Regarding the work validators are doing with coretime: there is some segregation of duties here from the work done being paid to the network by the parachains (i.e. validators who are in a backing group) vs validators being paid by the relay chain (which they already are). Can we draw any conclusions about the value of the work the validators are doing in backing/auditing parachain PoVs vs the value of them providing general security to the network? The following explores two of these options, after I tried many different approaches:

Coretime as a function of validation rewards

Given the definition of coretime as consisting of “two resources (data availability and execution time) expressed in an arbitrary ratio”, we propose the initial price of coretime should be based on these two factors.
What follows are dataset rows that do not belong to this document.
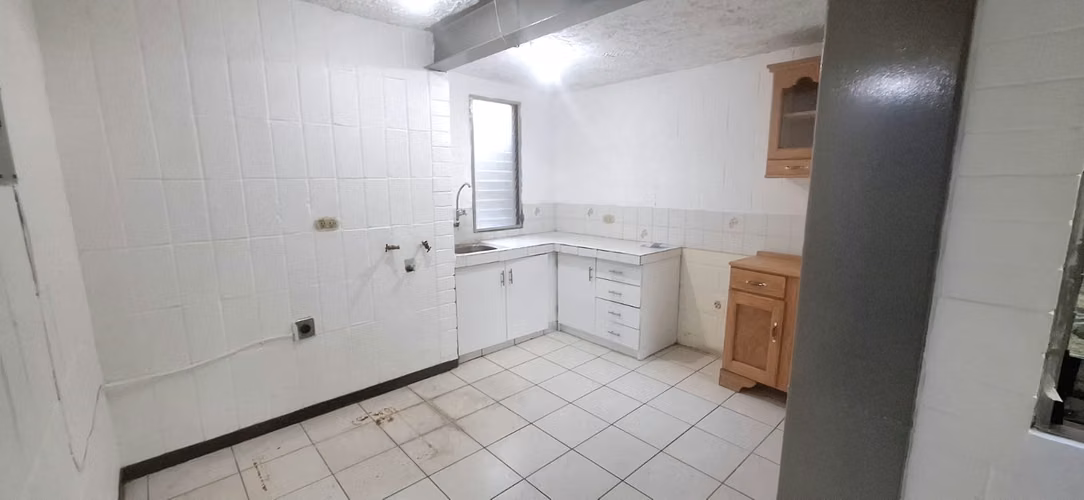 BONITO APARTAMENTO EN CONDOMINIO PRIVADO, CERCA DE COLONIA VISTA HERMOSA Y CERCA DEL PASO DEL JAGUAR - Imagen 4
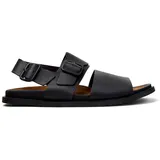 Camper Lluc Herren Schwarz 45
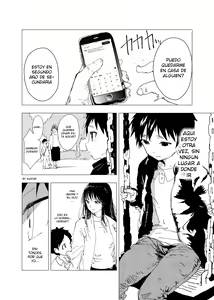 Page 4 of Ibasho ga Nai node Kamimachi Shite mita Suterareta Shounen no Ero Manga - preview thumbnail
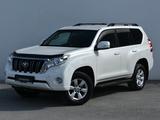 Toyota Land Cruiser Prado Comfort+ 2015 года за 15 000 000 тг. в Атырау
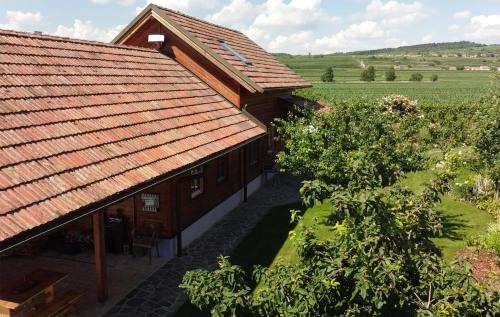 Engabrunn Ski Chalet | Kraut & Ruabn - Stadl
Current data availability is estimated at 0.83MB/s per core and maximum execution time is 2 seconds (given asynchronous backing). The current median block weight is roughly 1.8% of benchmarked maximum, even though buying coretime for one core gives access to power of the full core, it may be better to use the actual current usage pattern for initial pricing. Given this information, assuming a core allocation is for maximum PoV size (full block weight), and the amount of DOT validators are being paid right now for the work to secure the network being on average 1170 DOT/day, we can then estimate:

Data availability provided by a core:

((0.83MB/s)/1 core)

Multiplied by the expected execution time based on current median block weight/maximum PoV size:

* (1.8%) * (2sec/5MB)

And the conversions of blocks, time and current validator rewards:
* (14400 blocks/1 day) * (1170 DOT/14400 blocks) * 1 month

= 213 DOT/core/month base cost (@ current median weight)

= $1384.50 USD (@ $6.50/DOT, please see pricing footnote).
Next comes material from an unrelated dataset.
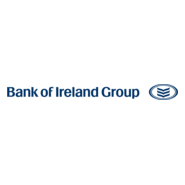 Bank of Ireland Logo PNG Vector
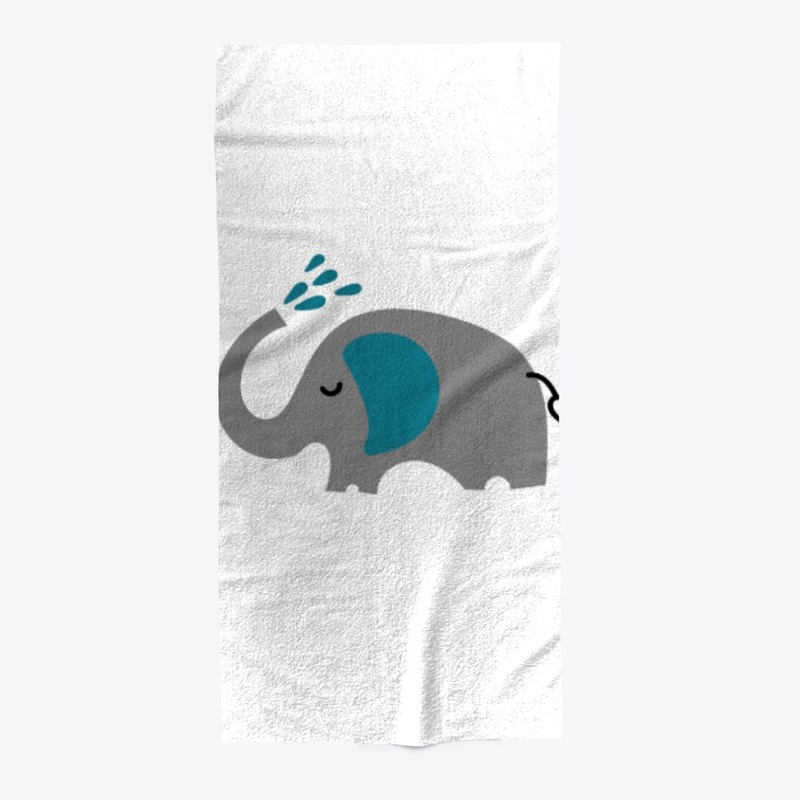 Baby and children - modern, clean design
Coretime as infrastructure cost

Another approach is to use direct infrastructure costs as a benchmark.
Calculating networking costs, based on cloud bandwidth prices (taken from GCP region europe-west1) for receiving a maximum size PoV from at least 4 other validators for validation (given current backing group size of 5, egress is free) at a full core’s worth of weight (please see footnote at the end of this post about DOT and cloud prices used here):

(1 dot/$6.50) * ($0.085/1 GiB) * ((5MB/1 block) * 4 ) * 14400 blocks/day * 1 month = 112.98 DOT

Adding in compute costs, based on GCP n2-standard-32 VMs @ $1.71 an hour (theoretical maximum compute cost anyone should pay, which allows room for other task-specific processing beyond execution time (2sec)):

(1 dot/$6.50) * ($1.710784/1 hour) * (2sec/1 block) * 14400 blocks/1 day * 1 month = 63.17 DOT

= 112.98 + 63.17 = 176.15 DOT = $1144.98 @ $6.50/DOT

Additional considerations

In the case of coretime being a form of extended registration, we can take the registration fee as a representation of a “down payment” by locking the registration to the chain for the duration of the chain’s existence. This is an average of 1052 DOT, so at an opportunity cost of 15% (staking reward percentage) annually, this comes to 13.15 DOT/month. To initially subsidize cores somewhat it may be interesting to take this into account into the calculation and subtract 13.15 DOT from the initial monthly coretime fee, coming to:

Final coretime cost per month

based on validator fee:
199.5 DOT, or $1296.75 USD @ $6.50 USD/DOT per month.

based on infrastructure costs:
163 DOT, or $1059.50 USD at $6.50/DOT per month.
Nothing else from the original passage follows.